This firewall thing can be done in the end after you install and set ARR.

Installation

On ARR1 machine open IIS Manager, select your server name (mine is ARR1) and select Web Platform Installer from middle screen

Type into search ARR and after you get some results select Application Request Routing 3.0 | Add | Install

I Accept

Finish

Exit Web Platform Installer.

Reboot ARR1 VM.

Create Server Farm

After we rebooted our ARR1 VM, we will go back to IIS Manager. You will now also have Server Farms menu. Right click on it and select “Create Server Farm”

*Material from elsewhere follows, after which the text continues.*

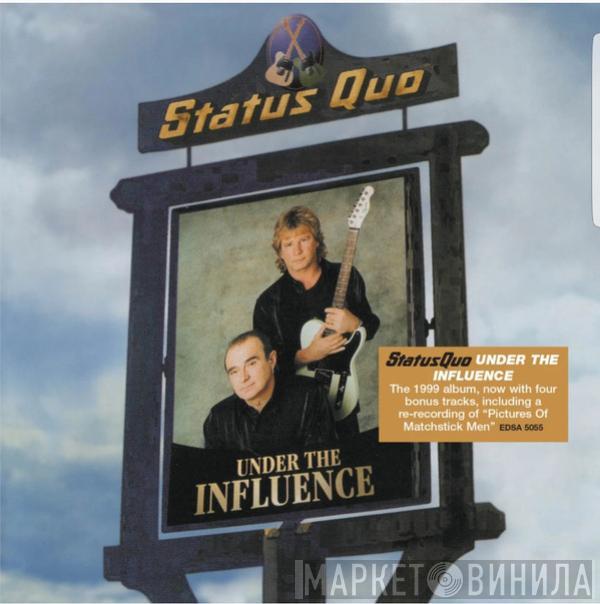  Status Quo  - Under The Influence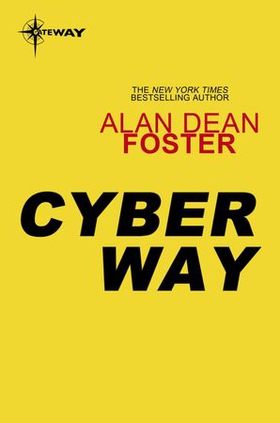 Cyber Way (ebok) av Alan Dean Foster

I will create server farm named mail.informaticar.net

You don’t have to name your server farm according to your domain name, you can select whatever name you like. Also, if you have many different services you want to expose, you can create additional server farms. For example, mail.informaticar.net and autodiscover.informaticar.net can be two different farms, but here we are going to put all into one.

Ok, let’s start

I will name my server farm mail.informaticar.net (of course, select name to your liking.) I will also leave Online option as default (ticked) Next

I added both of my Exchange servers to this farm – sbex1 and sbex3

After you are done with your setup, select Finish

You will be asked if you like URL rewrite rule to be created automatically for you. You can go that route, but here I will select No, since we will generate our own rules.

Ok, our Server Farm is created

Configure Server Farm

Ok, stay in IIS Manager and select your created Server Farm.

Go to Caching

Deselect “Enable disk cache” and select Apply

Next stop is Routing Rules

Disable SSL Ofloading. To be sure I selected/deselected everything (Enable SSL offloading will be greyed out and selected – that is ok) – Apply

Next stop is Proxy

Response Buffer Threshold should be set to 0. Also you can think about changing time-out value, but I will leave it as is.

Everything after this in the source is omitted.